GIVEN INFORMATION |
____

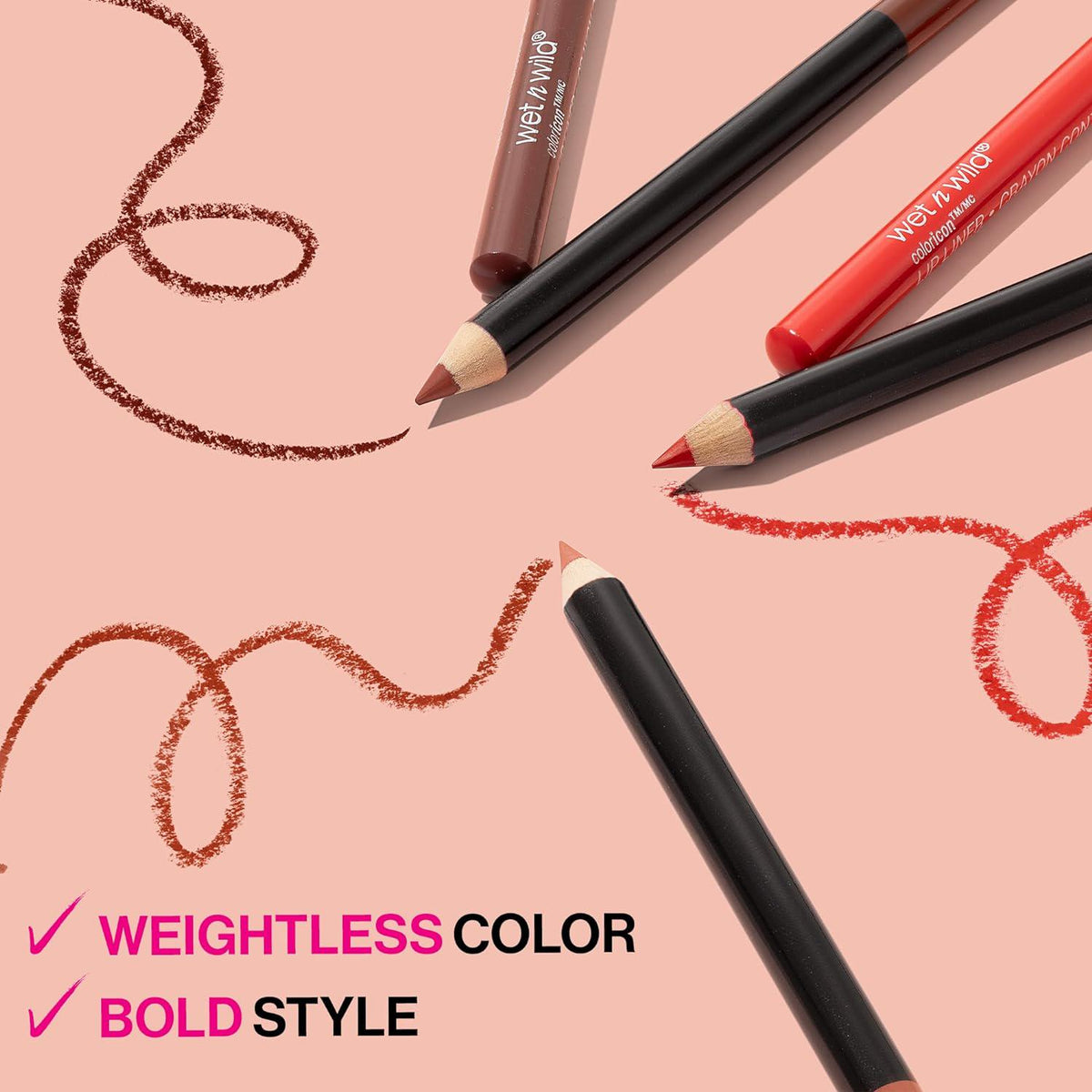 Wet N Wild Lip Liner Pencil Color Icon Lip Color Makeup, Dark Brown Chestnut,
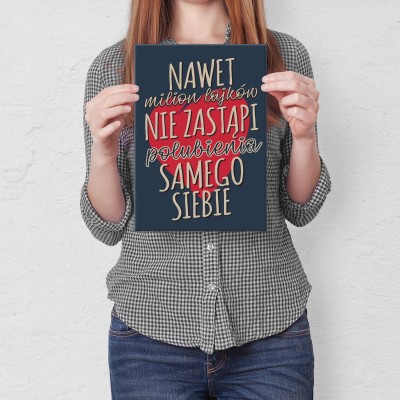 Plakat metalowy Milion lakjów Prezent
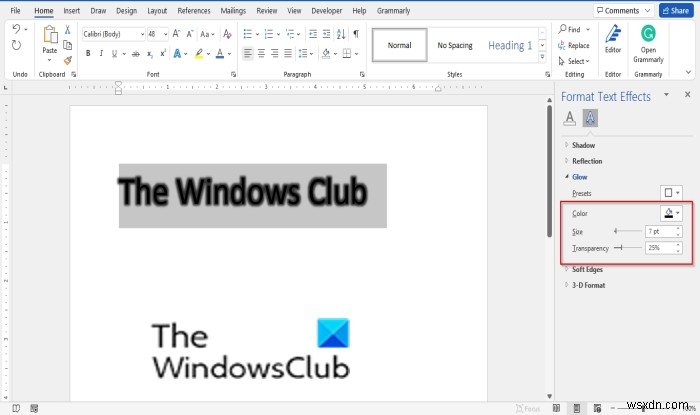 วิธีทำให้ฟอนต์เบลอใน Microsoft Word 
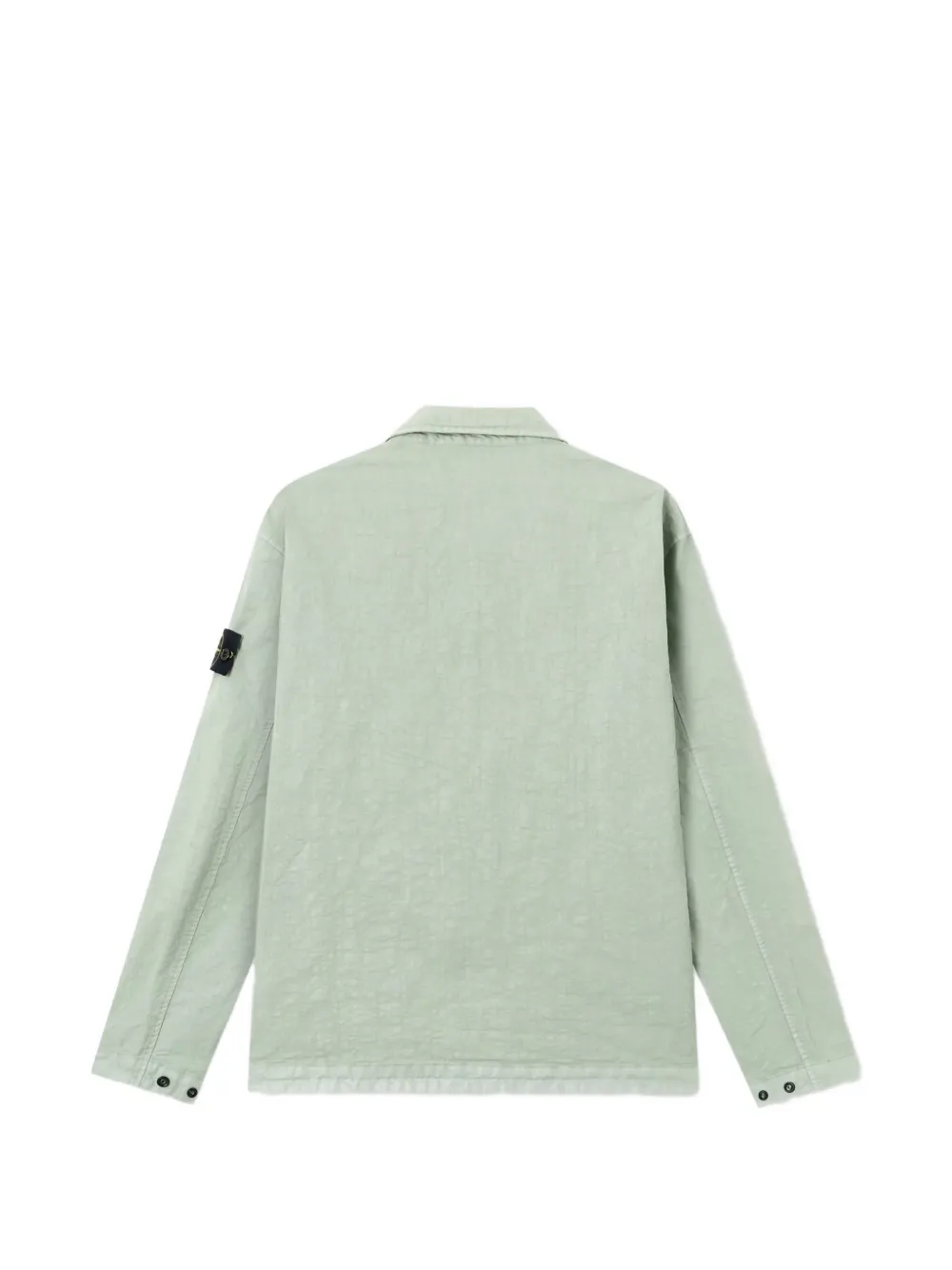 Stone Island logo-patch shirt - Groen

____

DIRECTIONS | An exact copy of every line above, minus the pictures, is the required output.

EXPECTED ANSWER |
 Wet N Wild Lip Liner Pencil Color Icon Lip Color Makeup, Dark Brown Chestnut,
 Plakat metalowy Milion lakjów Prezent
 วิธีทำให้ฟอนต์เบลอใน Microsoft Word 
 Stone Island logo-patch shirt - Groen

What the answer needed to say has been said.